Seattle’s crazy restaurant boom
Jerry Corso, owner of Bar del Corso on Beacon Hill, serves guests at his popular restaurant. (Ellen M. Banner/The Seattle Times)
Originally published November 16, 2017 at 7:00 am Updated November 16, 2017 at 3:38 pm
Tons of openings, surprising shutdowns, a staff shortage — no wonder local chefs are uneasy. What’s going on?

HAVE YOU BEEN to Opus Co., the new Phinney Ridge restaurant from two chefs who’ve worked with the great Rachel Yang? Eaten Mutsuko Soma’s already-renowned handmade soba at her brand-new Kamonegi in Fremont, where Art of the Table used to be? Been to the new location of beloved Art of the Table, a block away? Tried the imported-from-Hong-Kong, reportedly incredible Betsutenjin Ramen on Capitol Hill? The other three, soon to be four, new ramen places within half a mile of Betsutenjin? The half-dozen new pizzerias nearby? Any of the 35-plus new places specializing in poke in and around Seattle?

If you can’t keep up, it’s not your imagination — restaurants are opening at an unprecedented rate.
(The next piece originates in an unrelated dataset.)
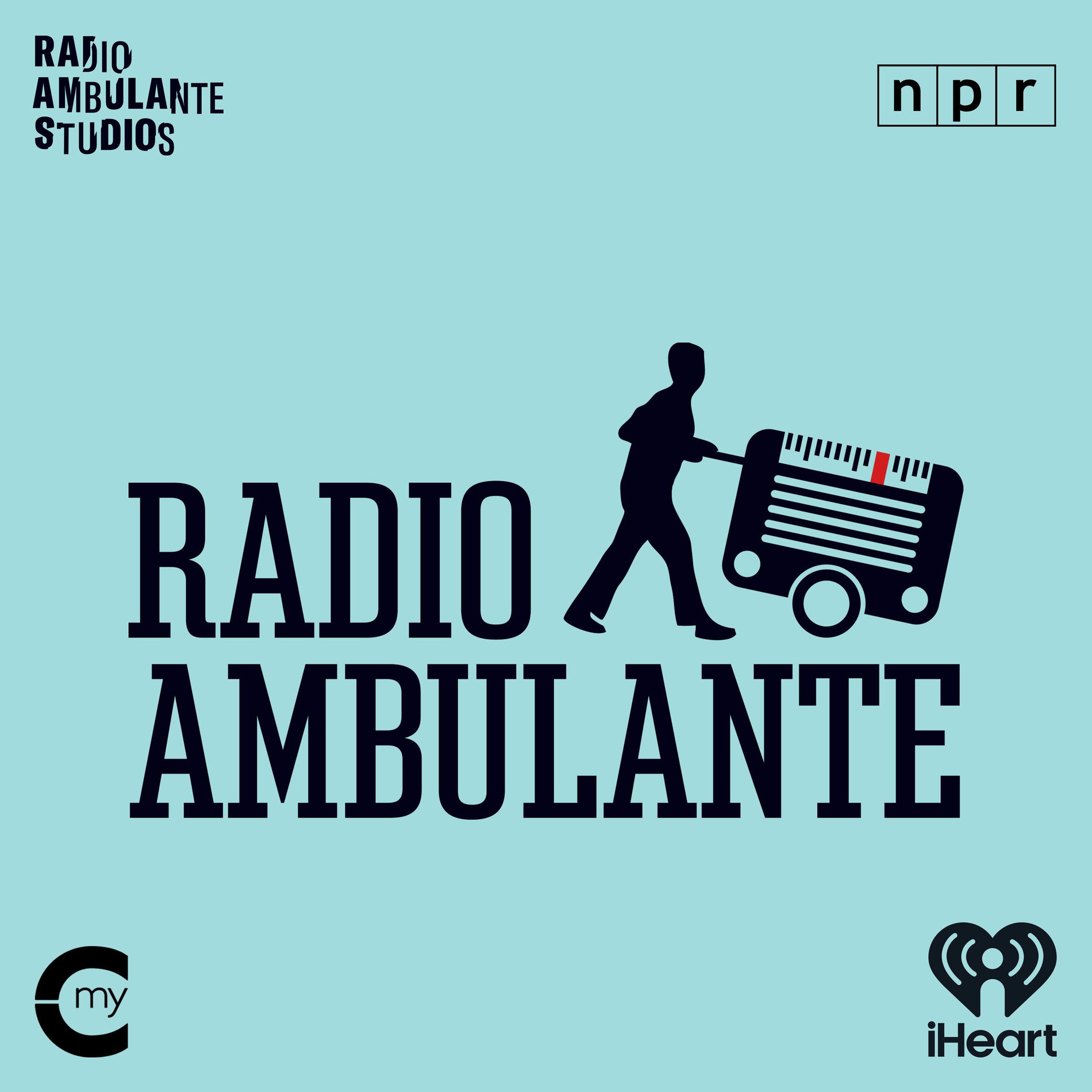 Show cover of Radio Ambulante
Over a month and a half this summer, at least 40 debuted hereabout.

If that seems overwhelming, consider this: Seattle had 2,696 restaurants as of the first quarter of 2017, according to Department of Revenue data — up 25 percent from a decade ago. (These DOR figures represent all food service businesses, including full- and quick-service places, trucks and carts, and caterers.) Contrary to the oft-quoted “fact” that half of all restaurants fail in the first year, the Seattle survival rate for restaurants has been hovering around 87 percent a year out (up from 83 percent in 2007). And the numbers for Seattle restaurants’ gross annual sales are startling: up 45 percent over the past decade, to a 2016 total of $2.9 billion. Yes, billion.

It’s very big business, getting bigger all the time. Last year, for the first time, spending on eating out outstripped spending at grocery stores nationwide, according to U.S. Census data. And Seattle’s economy is, as you might have heard, booming. We’ve got more cranes than any other U.S. city, and more new people, too — more than 90,000 newcomers since the start of the decade. And they’ve got to eat, right?
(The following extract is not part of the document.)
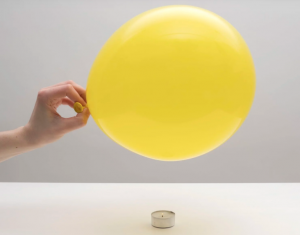 Steam experiment-how to stop balloon to pop up with fire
Why, then, does Seattle’s restaurant scene feel so unstable? Why do chefs speak — quietly or a lot less so — of high anxiety?

SEATTLE RESTAURANT CASUALTIES

“Pivot” has become an industry verb in Seattle, a euphemism for changing a floundering restaurant to something with more prospects for profit instead of shutting it down. And closures, while relatively few and far between, sometimes feel full of portent. A pivot/closure case in point: James Beard Award-winning chef Maria Hines’ Ballard restaurant, Golden Beetle. It served all-organic, adventurous takes on Mediterranean food, but the neighborhood balked at paying more for a gyro. “My heart aches,” she said upon changing the place to a family-friendly, conceptually easy-to-swallow gastropub earlier this year. But she still couldn’t get out from under the debt. Hines closed Golden Beetle this spring to concentrate on her other two restaurants, Tilth and Agrodolce.

Seattle’s finer-dining audience is “spread thinner and thinner,” Hines observes. A top chef’s imprimatur doesn’t have the draw that it used to — too many new places to try, and too much traffic to fight for crosstown “foodie” repeat visits. And to Hines, the rejection of Golden Beetle felt like a rebuke to culinary creativity. She was left with a philosophical question about the city: “As it grows exponentially fast, how do I grow exponentially fast, and hold on to my craft for dear life?”

South Lake Union, the land of Amazon, has been uncharted restaurant territory since the company took hold. Serial failures there have defied all conventional wisdom. Shanik — opened in 2012 by Meeru Dhalwala, half of the team that made Vij’s in Vancouver, B.C., a lines-down-the-block hit — lasted three years. In 2015, chef Travis Kukull’s much-lauded “weird food” lasted seven and a half months at Mollusk, now the very unweird Dexter Brewhouse. Restaurateur Josh Henderson opened five restaurants in S.L.U. last year, then took the radical step of closing three of them. He echoed others on “the pressures of Amazon”: a dearth of dinner business, a desire for quick-serve, a neighborhood still under construction, diners unwilling to travel from elsewhere. “[You] look in the mirror and say, ‘Is this [expletive] working?’ ” Henderson says. “Bank accounts don’t lie; butts in seats don’t lie.”

Elsewhere, new restaurants are cropping up in relatively affordable neighborhoods like Beacon Hill and Columbia City, as rents rise and longtime businesses get pushed out. South Park is set for four debuts in just the next few months, one of them a wine bar.